Ms. Freeland’s mandate letter doesn’t precisely identify her powers, but it doesn’t limit the scope of her mandate: it is to work with the PM on “setting and fulfilling the government’s agenda.” There’s a signal to other ministers, too: she is to work “across cabinet.”

At the other end of the spectrum, there are the ministers of nothing. The mandate letter for Mona Fortier, given the newly concocted title of Minister of Middle Class Prosperity, confirms that she doesn’t have much in the way of ministerial responsibility at all. She is a junior finance minister, and her job is to speak for the government, to try to draw a link between budget decisions and the lives of ordinary folks.

There are several other ministers without responsibility for an actual department, but with a political mandate. That empowers a lot of people to step out to answer questions for every constituency – so the PM, and the PMO, don’t have to.

Mr. Trudeau has set up a cabinet that is similar to concentric rings of defences: Ms. Freeland on the inside, followed by senior ministers, then a series of political spokespersons with cabinet titles.

It isn’t the most streamlined system for a functioning government. Recent Canadian governments have often had several ministers in a department, or junior ministers, but Mr. Trudeau’s big cabinet full of ministers with shared responsibilities is likely to muddy accountability.

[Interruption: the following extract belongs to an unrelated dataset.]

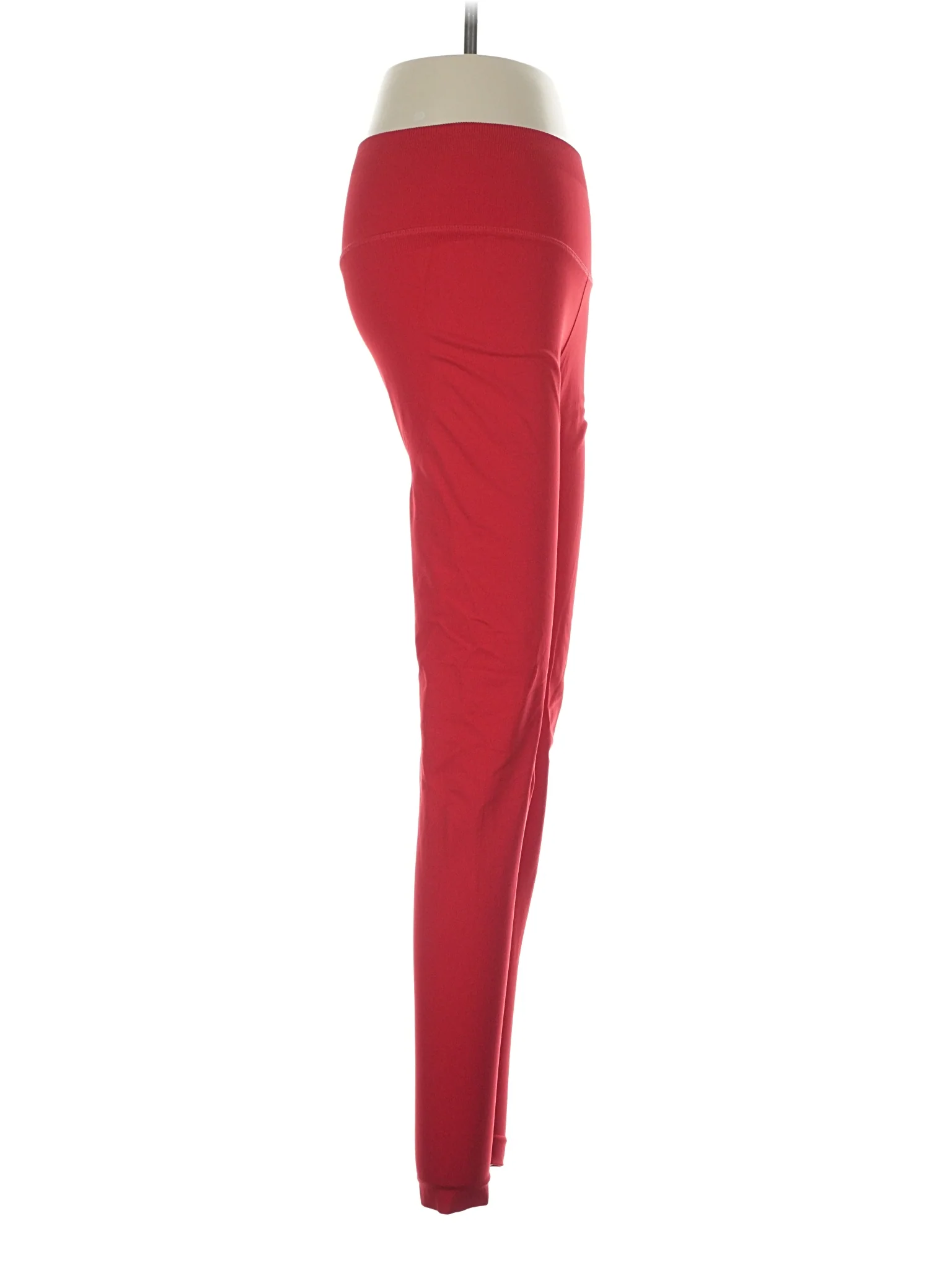 Active Pants - Image 3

Mel Cappe, a former Clerk of the Privy Council and head of the civil service, said one of the key questions that officials in his position ask is whether “every job has a minister and every minister has a job.” In this case, he said, the answer isn’t clear.

But it is a minority government. And Mr. Trudeau has learned some hard political lessons.

One is to make government look less of a one-man show. The other is to put hard-nosed political considerations at the forefront.

His two key cabinet committees, Agenda and Operations, are heavily loaded with political ministers who have responsibility for regional politicking and ward-heeling, such as Quebec lieutenant Pablo Rodriguez.

And in every region, it is no longer Mr. Trudeau who is the face of relationships with Ottawa any more.

He has his grand vizier, Ms. Freeland, responsible for intergovernmental affairs, able to sit on any committee of cabinet as she chooses, empowered to negotiate with premiers and responsible for co-ordinating the thorniest issue – reconciling the oil and gas economies of Alberta and Saskatchewan with action on climate change.

But he also has players such as Mr. Rodriguez, who sit in on those meetings with premiers, too, and are now another line of responsibility for regional issues.

The mandate of Mr. Trudeau’s second-term cabinet is to be more alive to political risks – and to keep them further away from the PM.